The Hugo Awards ceremony was generally well-run. There were a few tech mis-cues, and a few times we had to wait slightly long before somebody came out or got to the stage, or whatnot. None of the speeches were unnecessarily long, and so the evening went by quickly and pleasantly.
The results can be found here, at the official Hugo Awards site. It was nice to see Neil Gaiman win for The Graveyard Book at the Worldcon where he was Guest of Honour. David Hartwell also won Best Long-Form Editor, and he was Editor Guest of Honour, and also damned entertaining.

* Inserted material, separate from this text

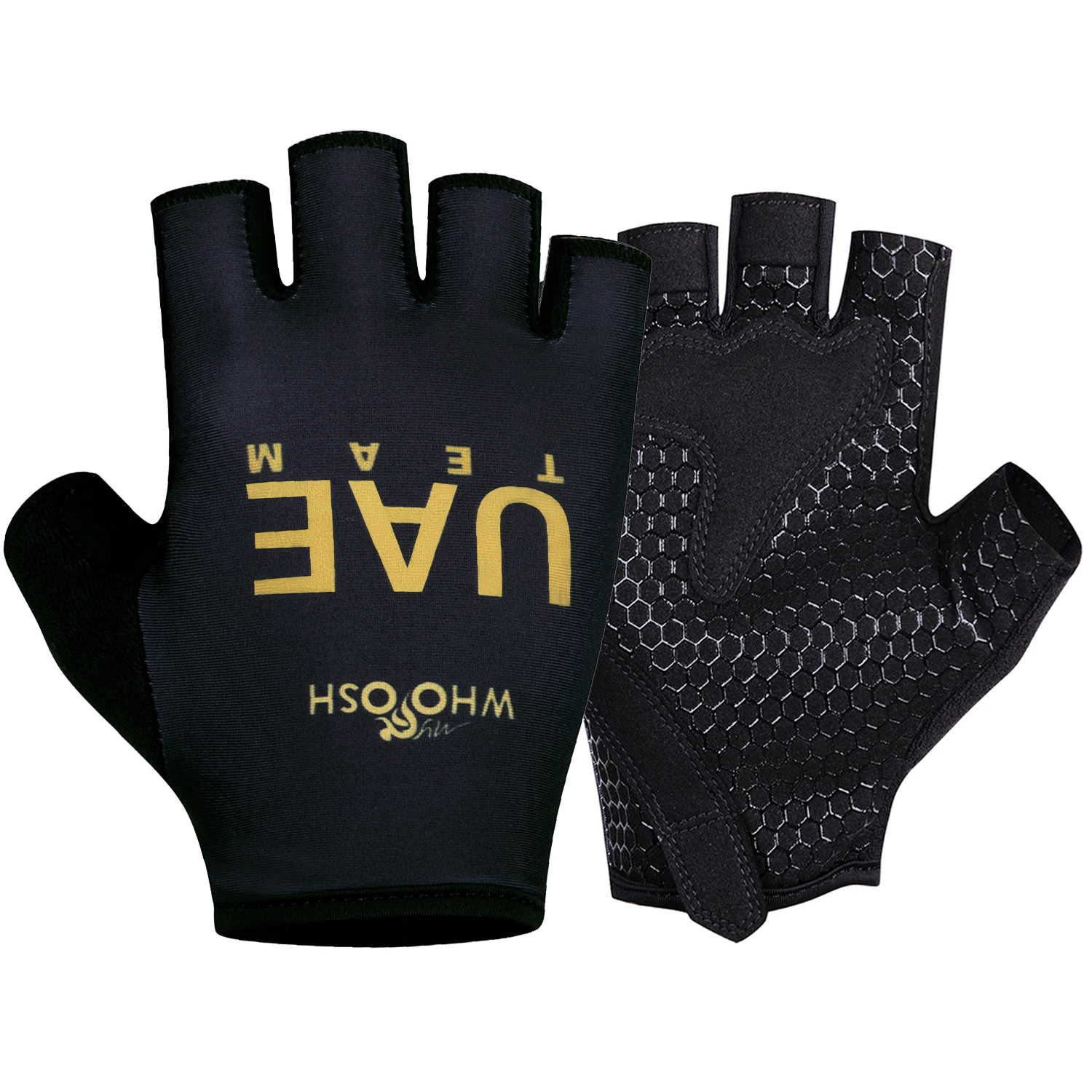 2025 Cycling Gloves Gold UAE Team Half Finger Bicycle GLOVES Men Women Ropa Cyclismo Pro Mtb Mittens Road Bike Gloves 3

I enjoyed all of the winners, and felt a little bad for the “losers”, many of whom were my first choice, but it was a fun and exciting evening overall.
After the awards ceremony, we did one more panel, from 10 to 11 PM, called “Young Turks”. It featured a few writers who were basically emerging as forces to be reckoned with, and because the audience was small enough, it became a sort of cooperative Q&A whereby they talked about why they wrote, how they got to the point they were each at, techniques and tools they had found helpful for their writing, and the like. For a panel so late, and day 4, after the Hugos, it was a pleasant surprise to have such an engaged and active set of panelists, and such a fun and interesting panel. Kudos to them for pulling it off.
At that point, we called it a day.
Also, Leah Bobet signed my Shadow Unit flyer, which was really sweet of her, because she wanted to go hang with her roommate who had just won a Hugo. Note: Admiration of her now joins my massive intimidation.